I accidentally clicked on the name of one of the themes, and downloaded the file. Then I saw the “.sit” extension and was like “holy crap, a Stuffit archive! In 2014 even!”
That’s what annoys me. It’s been, what, 13 years and the first thing I still do with a new install of WinXP is set my preferences to Windows Classic. I’m not asking for much from Apple on this, just a few different design options included in the OS. It’s not just Apple, either. I’m sick and tired of these UI designers deciding that they know best and changing everything with no ability to get the technical upgrades while sticking with the older UI. Firefox, I’m looking at you right now.
You mean other than Light/Dark, Translucent/Not, selection color, button color, high contrast, icon size, scroll bar type, placement, and behavior, number of recent items, font smoothing, contrast, grayscale mode, color inversion, zoom behavior, captioning, about thirty different input choices, notification location, desktop color/picture, screen saver color/picture, dock location, multiple desktop layout and embedding widgets in the fully customizable notifications bank, finder display type, format, preview type and size? 'Cause those are just the ones I can think of off the top of my head, and without using third party mods.
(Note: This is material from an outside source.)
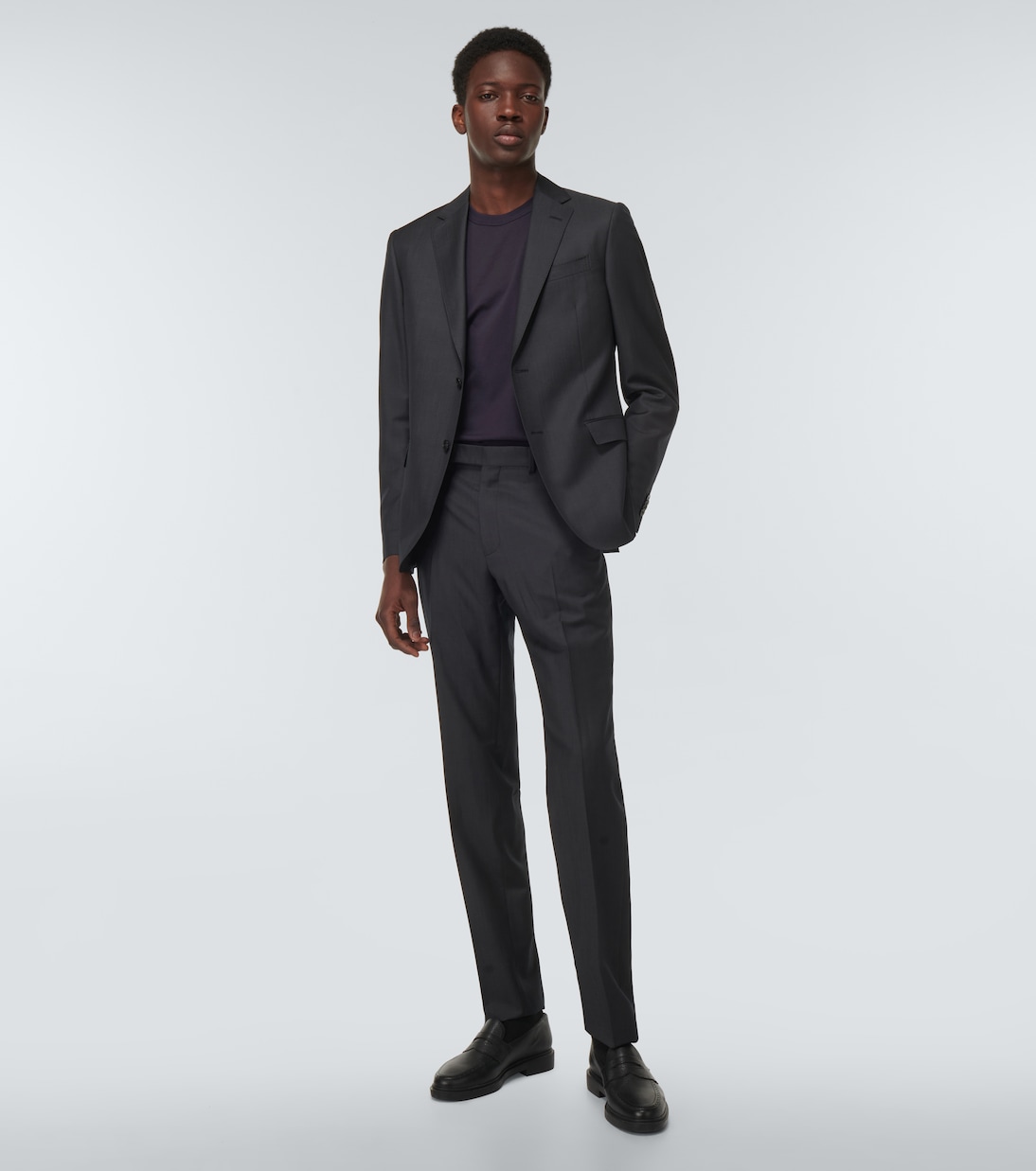 T-shirt in cotone con logo | Zegna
One of Job’s pet peeves was sitting down at a computer running the same OS as yours, and not being able to figure out how to use it because everything was different. But this idea that Mac OS isn’t customizable is a little silly. Yes, it’s not Android, but that’s a feature, and frankly one that you’re paying a fair amount for. If you want a device that works exactly like Android, well, they sell a lot of them.